Feu! Chatterton par Benoît Rousseau
Feu! Chatterton par Benoît Rousseau

Une troisième journée Frenchy !

Beaucoup d'artistes français sont à l'affiche de ces 30e Francos de Montréal. Il faut dire qu'à l'accueil que leur réserve le public ici, on a l'impression d'être face à des artistes locaux. La soirée de ce mercredi s'est déroulée pour nous en intérieur, et nous avons démarré la soirée avec Gaël Faye dans la salle de l'Astral. L'auteur de Petit Pays, maîtrise aussi clairement le verbe que la scène. Artiste généreux, le rappeur fait monter l'ambiance et la température au fil des chansons pour une fin en apothéose. De flow, des rythmes, et une sincérité touchante.

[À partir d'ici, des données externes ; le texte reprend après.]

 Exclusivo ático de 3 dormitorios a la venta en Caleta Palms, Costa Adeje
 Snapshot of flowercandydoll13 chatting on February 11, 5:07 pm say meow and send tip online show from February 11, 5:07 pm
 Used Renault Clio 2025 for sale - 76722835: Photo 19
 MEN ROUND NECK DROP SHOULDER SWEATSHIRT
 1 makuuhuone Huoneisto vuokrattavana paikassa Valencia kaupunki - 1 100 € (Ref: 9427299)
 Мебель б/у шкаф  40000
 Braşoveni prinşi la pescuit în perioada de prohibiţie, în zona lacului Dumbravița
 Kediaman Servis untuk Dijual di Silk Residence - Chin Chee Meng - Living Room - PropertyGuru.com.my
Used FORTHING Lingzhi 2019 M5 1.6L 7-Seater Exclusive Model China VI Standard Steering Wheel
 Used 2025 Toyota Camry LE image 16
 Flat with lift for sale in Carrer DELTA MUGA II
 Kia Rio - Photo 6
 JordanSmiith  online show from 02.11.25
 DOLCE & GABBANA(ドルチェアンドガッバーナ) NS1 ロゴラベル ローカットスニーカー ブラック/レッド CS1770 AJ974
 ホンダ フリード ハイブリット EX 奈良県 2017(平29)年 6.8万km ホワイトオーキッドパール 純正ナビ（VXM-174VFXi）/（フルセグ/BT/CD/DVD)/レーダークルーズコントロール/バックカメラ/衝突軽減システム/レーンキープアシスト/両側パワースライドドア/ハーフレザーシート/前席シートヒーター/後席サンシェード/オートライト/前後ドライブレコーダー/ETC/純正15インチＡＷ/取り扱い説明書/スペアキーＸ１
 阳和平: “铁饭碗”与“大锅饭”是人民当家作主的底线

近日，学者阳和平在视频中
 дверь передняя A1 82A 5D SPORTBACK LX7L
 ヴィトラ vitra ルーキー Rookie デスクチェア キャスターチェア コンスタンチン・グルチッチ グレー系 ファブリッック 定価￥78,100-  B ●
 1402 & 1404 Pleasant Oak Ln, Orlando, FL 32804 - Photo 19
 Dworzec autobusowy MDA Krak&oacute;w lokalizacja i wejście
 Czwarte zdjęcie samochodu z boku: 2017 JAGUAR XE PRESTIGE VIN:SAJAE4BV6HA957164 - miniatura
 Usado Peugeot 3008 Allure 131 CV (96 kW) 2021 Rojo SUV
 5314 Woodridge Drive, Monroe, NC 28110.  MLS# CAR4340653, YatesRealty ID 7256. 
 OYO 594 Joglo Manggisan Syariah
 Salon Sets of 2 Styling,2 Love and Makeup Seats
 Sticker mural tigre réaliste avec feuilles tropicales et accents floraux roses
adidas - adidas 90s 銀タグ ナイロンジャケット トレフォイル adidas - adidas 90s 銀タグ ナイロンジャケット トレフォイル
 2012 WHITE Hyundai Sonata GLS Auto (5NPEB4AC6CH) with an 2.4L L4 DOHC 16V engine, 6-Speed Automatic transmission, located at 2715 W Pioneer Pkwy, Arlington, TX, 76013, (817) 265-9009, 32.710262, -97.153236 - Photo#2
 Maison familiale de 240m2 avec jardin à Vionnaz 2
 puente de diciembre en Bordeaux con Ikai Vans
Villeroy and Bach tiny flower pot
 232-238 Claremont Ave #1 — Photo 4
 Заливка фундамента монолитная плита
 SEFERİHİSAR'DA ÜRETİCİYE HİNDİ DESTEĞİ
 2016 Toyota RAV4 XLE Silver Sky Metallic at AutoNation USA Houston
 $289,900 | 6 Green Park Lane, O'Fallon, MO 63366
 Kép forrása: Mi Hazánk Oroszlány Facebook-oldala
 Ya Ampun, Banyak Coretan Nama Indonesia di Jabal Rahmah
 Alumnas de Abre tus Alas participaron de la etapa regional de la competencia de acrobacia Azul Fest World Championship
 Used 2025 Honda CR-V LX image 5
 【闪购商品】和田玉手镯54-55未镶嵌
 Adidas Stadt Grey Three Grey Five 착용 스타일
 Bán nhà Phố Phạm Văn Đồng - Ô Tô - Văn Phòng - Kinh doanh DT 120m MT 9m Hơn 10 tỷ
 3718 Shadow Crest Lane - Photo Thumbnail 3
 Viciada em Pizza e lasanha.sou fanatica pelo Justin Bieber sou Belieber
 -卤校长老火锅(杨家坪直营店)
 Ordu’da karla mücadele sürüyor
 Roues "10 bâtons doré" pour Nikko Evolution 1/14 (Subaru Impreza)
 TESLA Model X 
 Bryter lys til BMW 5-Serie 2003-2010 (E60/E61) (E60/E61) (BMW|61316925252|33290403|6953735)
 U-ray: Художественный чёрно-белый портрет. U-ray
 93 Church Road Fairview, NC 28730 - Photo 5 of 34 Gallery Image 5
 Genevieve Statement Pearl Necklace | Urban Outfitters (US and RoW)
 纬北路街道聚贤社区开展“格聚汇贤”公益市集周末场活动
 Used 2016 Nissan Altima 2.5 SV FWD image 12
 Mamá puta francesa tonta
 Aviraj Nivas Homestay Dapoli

Direction ensuite la sublime salle MTELUS, anciennement Metropolis, pour un co-plateau L'Impératrice et Feu! Chatterton. L'Impératrice est assez surprenante par son style et surtout celui de ses musiciens qui font véritablement le show. Si l'on retrouve les boucles électros très en vogue actuellement, c'est quand même un son funk années 70 dépoussiéré que nous propose le groupe. La chanteuse a une voix aiguë, haut pêché, qui nous saisit au départ mais nous lasse relativement vite, car une fois passé l'effet de surprise, on la trouve assez linéaire. Chose relativement rare sur la scène française actuelle, elle laisse beaucoup de place à ses musiciens, qui offrent de bonnes sessions instrumentales, on regrette qu'il n'y ait pas vraiment de solo de basse, de clavier ou de guitare, mais plutôt des riffs qu'on entend en boucle. On reste finalement assez mitigé par l'ensemble du spectacle, même si indéniablement, la sauce prend et chauffe un public qui se laisse entraîner et danse tout du long. Vient ensuite LE groupe de rock à suivre en ce moment : Feu! Chatterton. Nous vous conseillons vivement de lire l'interview qu'ils nous ont accordé dans notre numéro d'avril / mai pour découvrir et saisir l'univers "rock littéraire" de ce groupe absolument unique en son genre. Rock ? Psychédélique ? Blues ? Feu! Chatterton c'est un peu tout ça et tellement plus encore ! Le charisme du chanteur, son allure nonchalante, sa manière de déclamer les textes, sa gestuelle, l'ensemble nous scotche de la première à la dernière note du concert. Sûrement le meilleur concert auquel nous avons pu assister jusque-là.